Operations

from Visa Business News July 15, 2010

Criminals have been targeting Automated Fuel Dispensers (AFDs) to obtain sensitive card account and Personal Identification Number (PIN) data. Visa first highlighted “skimming,” and provided mitigation strategies, in an August 2006 edition of the Visa Business Review. Many of these same vulnerabilities have persisted and continue to contribute to criminal compromises today. The mitigation strategies described below can significantly reduce risk for petroleum merchants and the broader payment system.

Risks Affecting Petroleum Merchants

Increasingly, petroleum merchants (service stations) have been targeted by sophisticated fraud rings seeking sensitive cardholder data. In many cases, the vulnerabilities being exploited can be addressed with simple mitigation strategies (e.g., by ensuring that AFD access keys are securely managed).

To help merchants reduce the threat of data compromise, Visa has identified the following common vulnerabilities and has provided corresponding mitigation strategies to help secure merchant payment systems:

• PINs and Card Skimming
  
  Merchants that fail to restrict AFD access to designated employees or technicians may be vulnerable to skimming attacks. These attacks occur when criminals and/or “collusive” employees access the interior of the pump and attach devices that capture or “skim” cardholder PIN and account information.
  
  Recent attacks on AFDs are increasingly sophisticated and have included the use of false keypad overlays and internal tapping devices. Older non-encrypting PIN pad (EPP) and non-triple-DES “legacy” AFDs are increasingly susceptible to these attacks.
  
  As of 1 January 2009, all newly deployed AFDs must have a Payment Card Industry (PCI)-approved EPP. Visa also recommends the use of a PCI-approved unattended payment terminal (UPT). For more information, please review the Visa General PED Frequently Asked Questions document, also available at www.visa.com/cisp under the “PIN Security” section.

• Handling of Brass Keys
  
  Certain AFD models share common pump keys, also known as “brass keys,” which allow service station employees and technicians to gain access to the interior of the pump. This ease-of-entry feature supports legitimate maintenance activity. However, criminals have exploited the use of “common” brass keys to access the AFD and attach devices that capture or skim cardholder information.

• Unattended Devices
  
  The unattended nature of an AFD creates an attractive target for fraudsters if proper controls are not implemented to protect against potential skimming attacks. Fraudsters can exploit the service station environment, which has minimal staff to monitor all pumps and improper physical access controls for AFDs. Without proper controls, criminals can potentially access and modify AFDs by distracting the attendant or blocking surveillance cameras with large vehicles.
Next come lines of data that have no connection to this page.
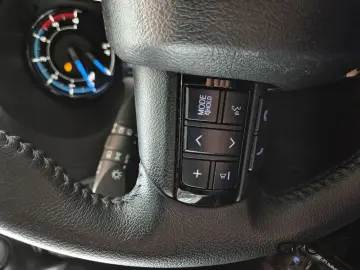 TOYOTA Hilux DC Invincible   AHK   JBL   Rollo   Garant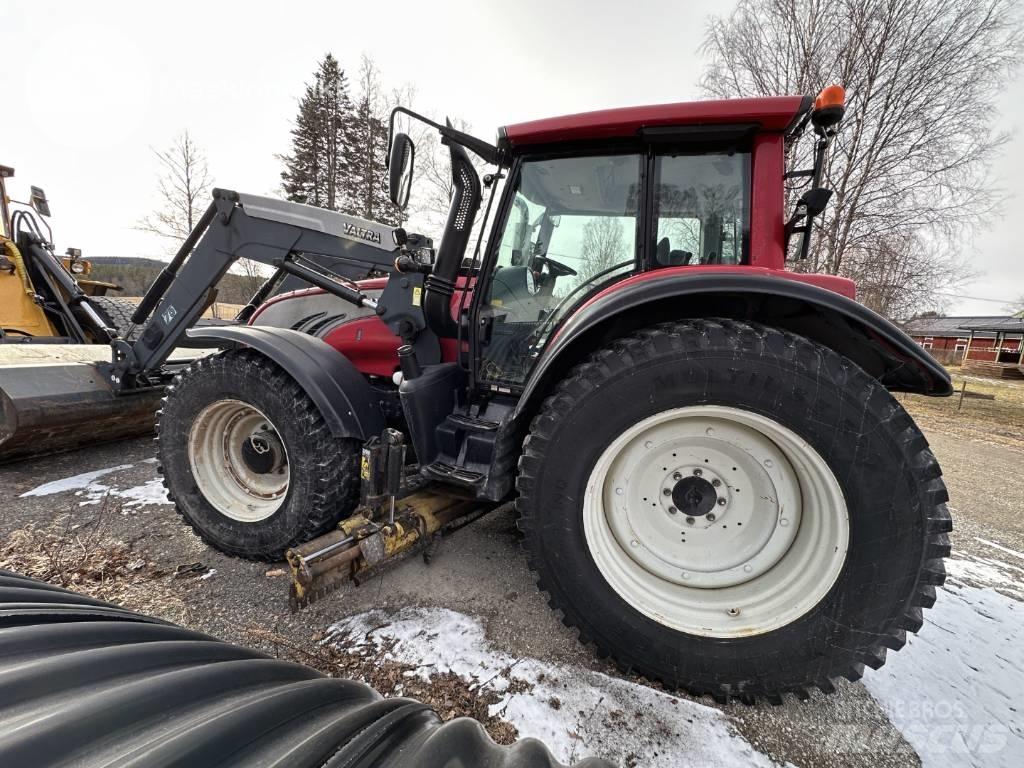 Valtra T 202 الجرارات
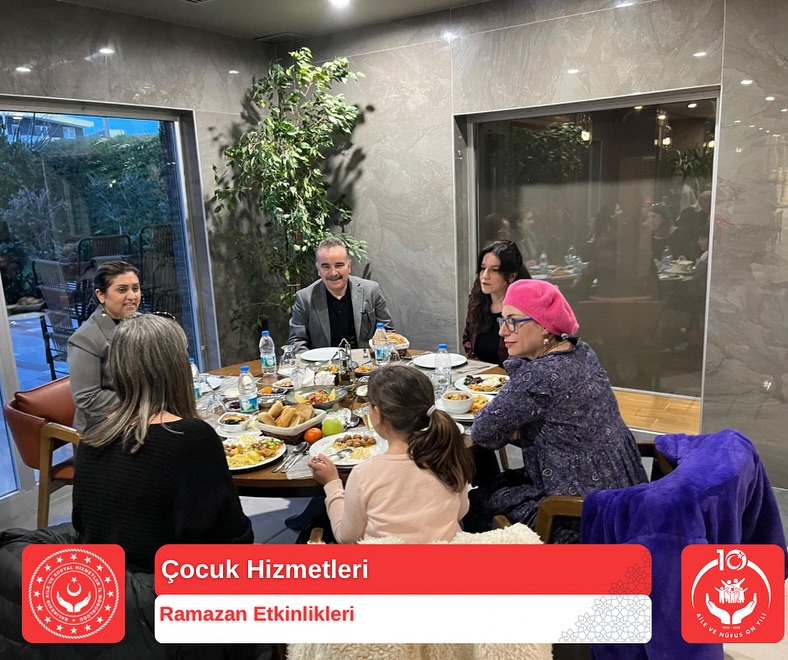 Edremit Kaymakamı Sayın Ahmet ODABAŞ ve İl Müdürümüz Sayın Emine BÖÇKÜN, Çocuklarımızla İftar Sofrasında Bir Araya Geldi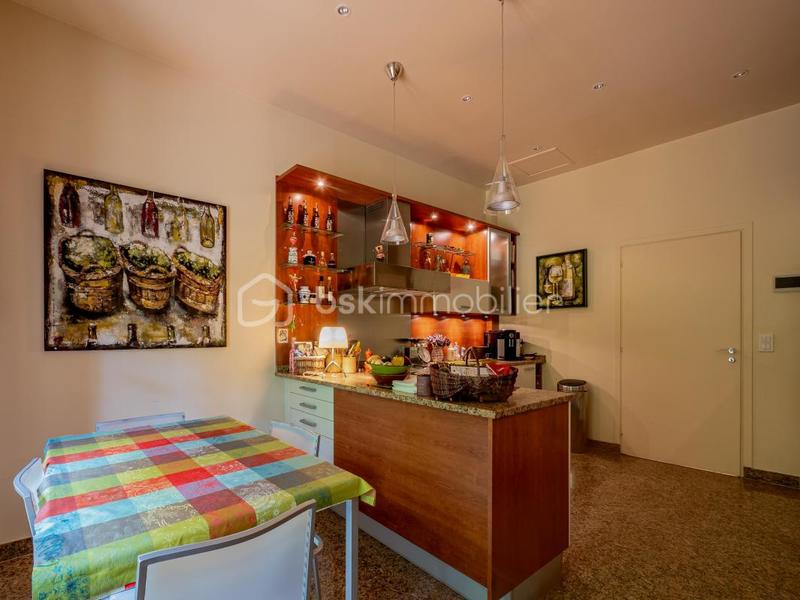 Demeure - 260 m² - 9 pièces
• Point-of-Sale PIN-Entry Devices (POS PEDs)
  
  Merchants that accept PIN transactions at the register are cautioned that fraud rings have also attempted to pose as service technicians to introduce “tampered” POS PEDs into the merchant’s attended POS environment. Merchants should ensure that:
  
  
  • All POS PEDs are firmly affixed to the counter top and
  • Only approved technicians are permitted access to POS systems and devices

Recommended Mitigation Strategies

To minimize the risk of data compromise, merchants and agents should:

• Implement processes and controls to ensure that entry into AFDs is strictly limited to designated employees or technicians only.
• Conduct regular inspections of AFD interiors and exteriors to look for signs of tampering. Legitimate servicing of AFDs should also serve as an opportunity to perform device inspections.
• Develop detailed pictures and diagrams of the normal interior of all supported AFDs to support ongoing employee training and inspection efforts.
• Ensure that AFD access keys are never shared among large populations of devices and that all brass keys are securely managed. For both keyed and non-keyed units, consider implementing site-specific AFD locks. Review vendor solutions that will alert merchants when pumps are opened.
• Verify that AFD and attended POS PED access is restricted to designated employees or service technicians, as appropriate. Authorized and validated repair technicians should be escorted and monitored.
• Make obvious use of video surveillance and post signs informing patrons of its use at the station.
• Ensure that merchants only purchase EPPs that are listed on the Payment Card Industry Security Standards Council (PCI SSC) PIN Transaction Security Devices List.

Visa strongly recommends that merchants use heightened vigilance and maintain a secure service station environment at all times, especially around AFDs. The PCI SSC has published a skimming prevention best practices document entitled, PCI SSC Information Supplement: Skimming Prevention—Best Practices for Merchants.

Merchants should educate their employees on the potential for skimming compromise and ensure that staff members know what actions to take if an AFD has noticeable signs of device tampering.

If AFD tampering is suspected, merchants should immediately contact their merchant bank, Visa, and law enforcement.